Selain itu, Taliban menduduki posisi-posisi penting dalam negara. Situs Bamiyan, peninggalan Buddha yang merupakan warisan dunia dihancurkan karena dianggap berhala. Padahal, itu penting bagi pendidikan, sosio-spiritual, sejarah, ekonomi, arsitektur, pariwisata, dan masih banyak lagi. Masyarakat pun diselimuti oleh ketakutan setiap harinya. Taliban menganggap apa yang tidak sesuai dengan kelompoknya itu salah.

Tidak berhenti di situ, masih ingat dengan Mahsa Amini di Iran yang dianiaya karena memakai pakaian yang dianggap tidak sesuai syariat? Beberapa waktu lalu, perempuan itu disiksa oleh kepolisian moral Iran hanya karena kerudungnya “kurang rapi”. Parah sekali.

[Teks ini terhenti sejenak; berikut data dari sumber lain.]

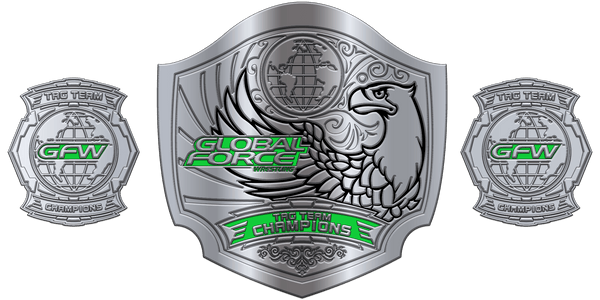 ZBCB-53 Custom Design Championship Belt - Zees Belts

Para perempuan Iran pun turun ke jalanan untuk melakukan aksi protes. Sungguh sangat mengesalkan ketika perempuan selalu didikte untuk berpakaian dan bersikap hingga ego mengalahkan kemanusiaan. “Bahkan, pemerintah menggunakan kekuasaannya untuk menekan perempuan. Mereka yang protes pun ditandai, dicelakai, ditangkap, dan sebagainya”, jelas Simin. Kapan perempuan bisa menikmati hidup dan mendapatkan kebebasan?

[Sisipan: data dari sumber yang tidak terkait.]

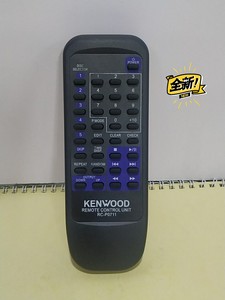 全新健伍KENWOOD CD遥控器RC-P0711 DP-S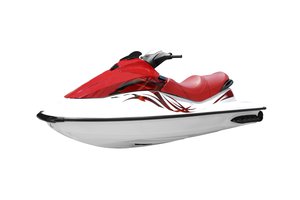 practicar motociclismo acuático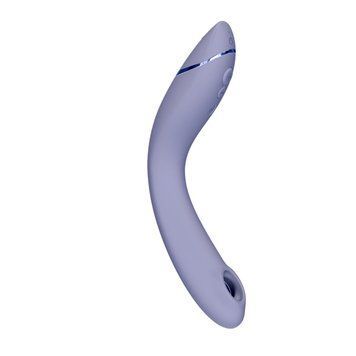 Вібратор Womanizer &mdash; OG Lilac для точки G з вакуумною стимуляцією  SX0532 фото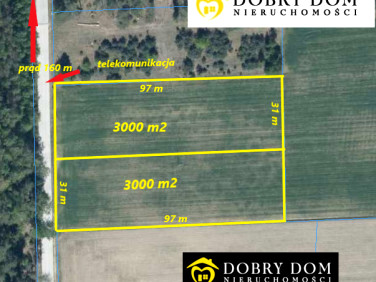 Działka budowlana Wyszki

Sudah jatuh, tertimpa jagad raya. Para perempuan di daerah konflik semakin rentan karena ketidakstabilan dan berbagai diskriminasi yang didapatkan. Dalam hal ini, perlu pendekatan keagamaan, sosial, budaya yang menghormati keberagaman yang disampaikan oleh ulama, pemerintah, tokoh masyarakat, tokoh agama, keluarga, teman, dan lingkungan sekitar. Selain itu, diskusi lintas agama, kepercayaan, dan komunitas harus dilakukan.

Meski terjadi sekejap, konflik dan kekerasan meninggalkan bekas, beban, dan luka yang harus dipulihkan. Para aktivis perempuan di berbagai negara yang terjadi konflik yaitu memberikan aman, percaya, kasih sayang, dan memberikan pendidikan agar orang lain bisa berdaya bagi dirinya sendiri dan orang lain serta bisa kelanjutkan kehidupan.

Para perempuan Suriah, Afghanistan, Iran, negara lain berjuang untuk mengadvokasi korban dengan membuat film, mengadakan diskusi, melakukan pemberdayaan ekonomi, bekerja di media, membuat karya yang adil gender, dan sebagainya. Aksi-aksi itu sangat penting untuk dilakukan agar konflik tidak berujung kepada kekerasan sehingga mengganggu keseharian.